=== Dataset content ===

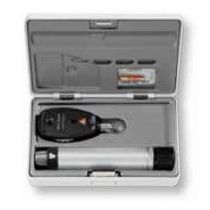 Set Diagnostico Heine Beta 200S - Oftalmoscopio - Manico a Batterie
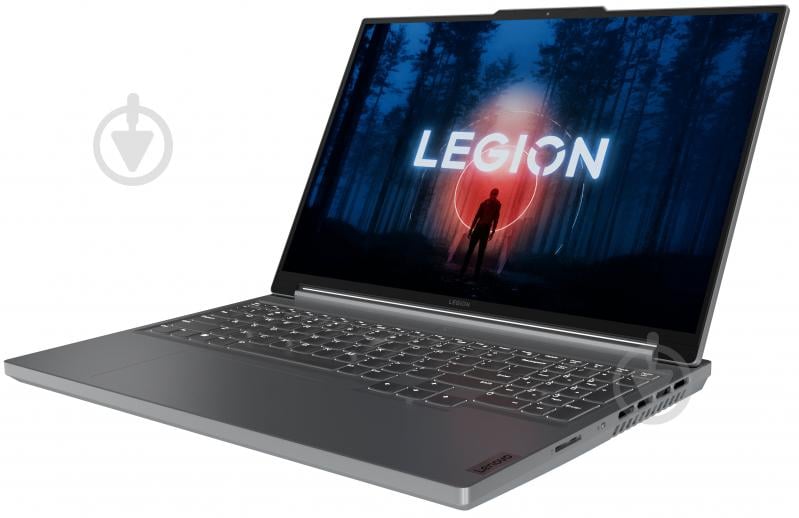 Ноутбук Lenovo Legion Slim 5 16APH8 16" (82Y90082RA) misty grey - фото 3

===
=== Dataset content ===

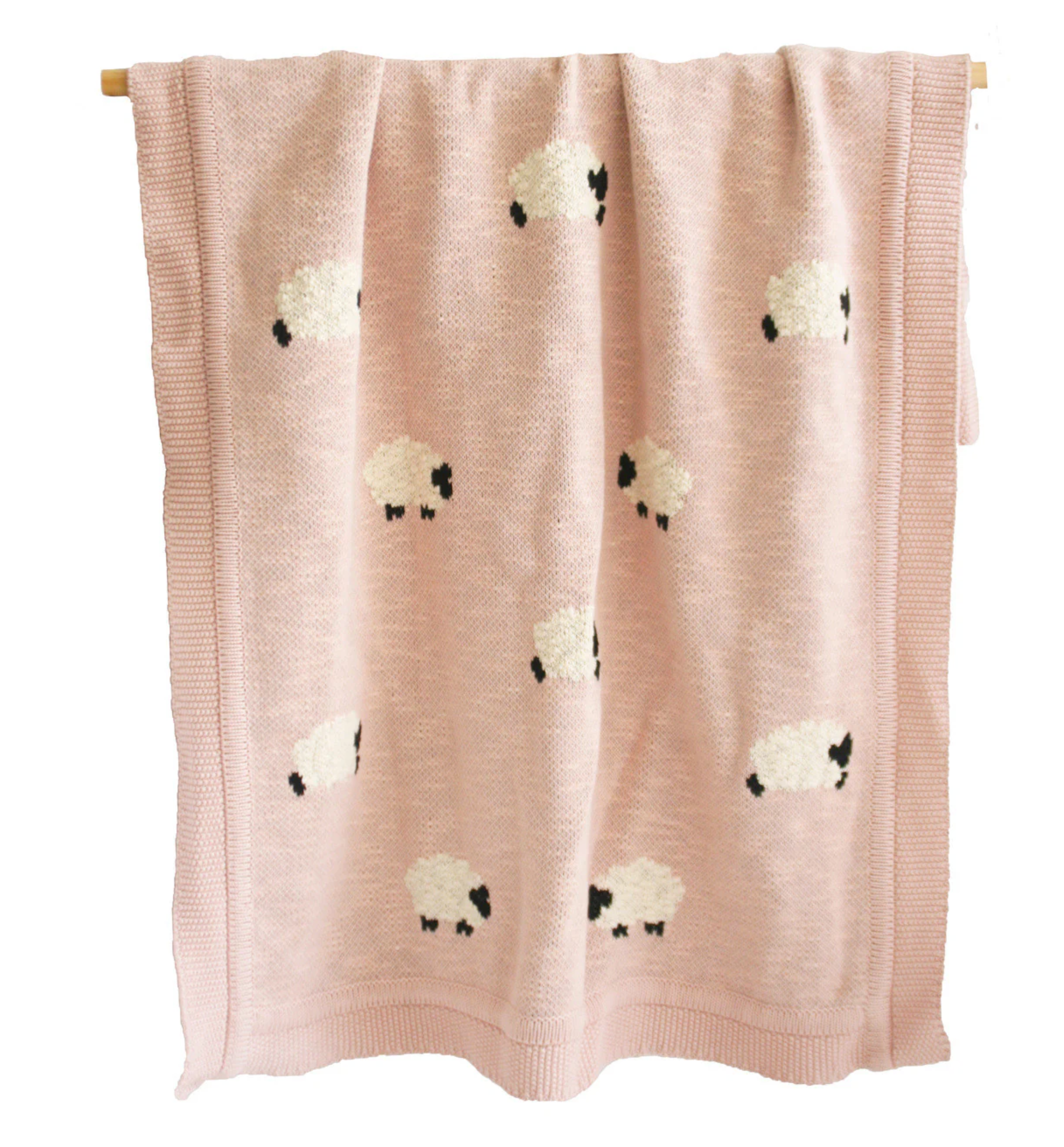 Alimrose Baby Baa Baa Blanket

===
=== Dataset content ===

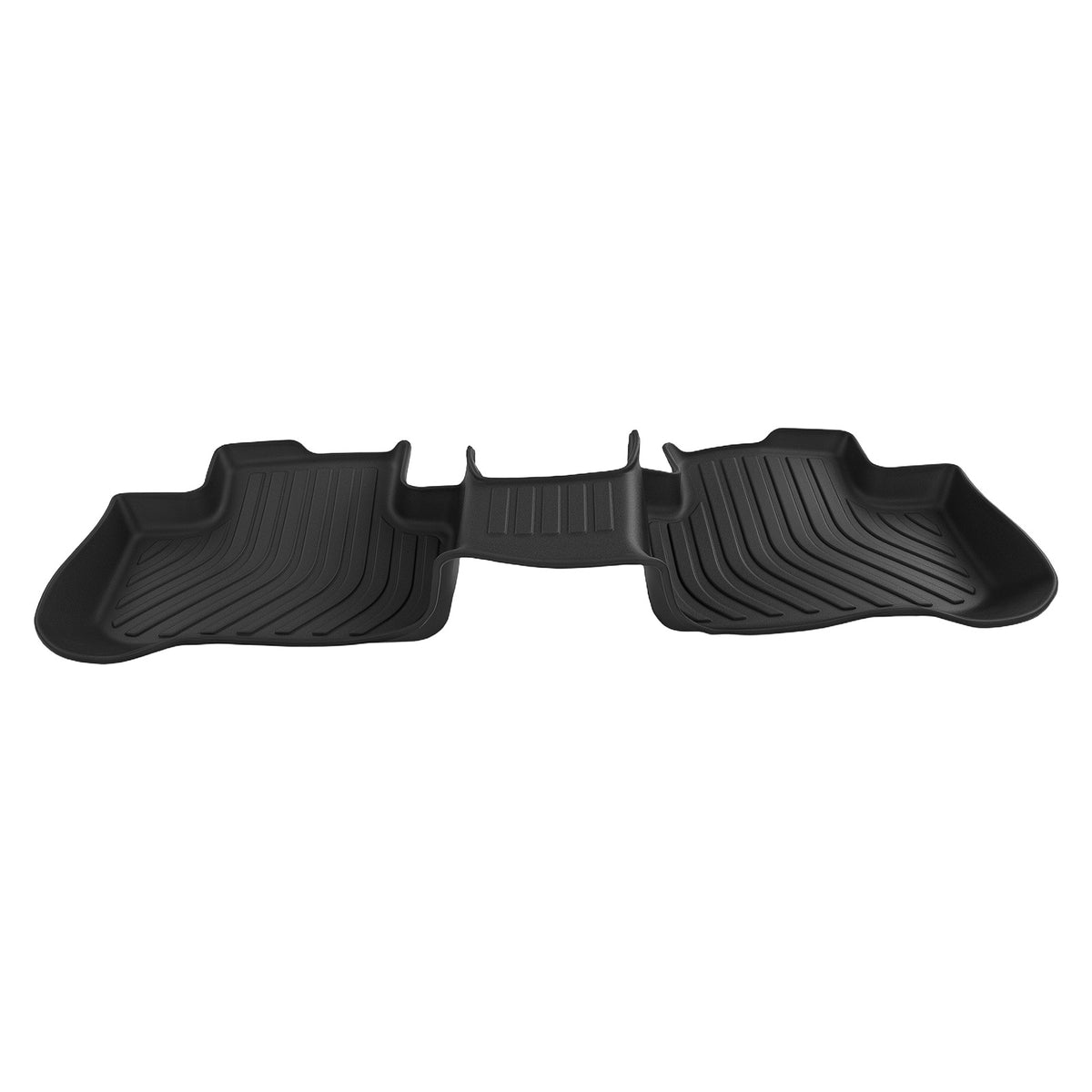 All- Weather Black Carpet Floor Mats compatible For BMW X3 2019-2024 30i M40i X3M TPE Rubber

===

Output only the lines above from the line that holds "Set Diagnostico Heine" through the line that holds "Ноутбук Lenovo Legion", both ends included, and exclude pictures.

 Set Diagnostico Heine Beta 200S - Oftalmoscopio - Manico a Batterie
 Ноутбук Lenovo Legion Slim 5 16APH8 16" (82Y90082RA) misty grey - фото 3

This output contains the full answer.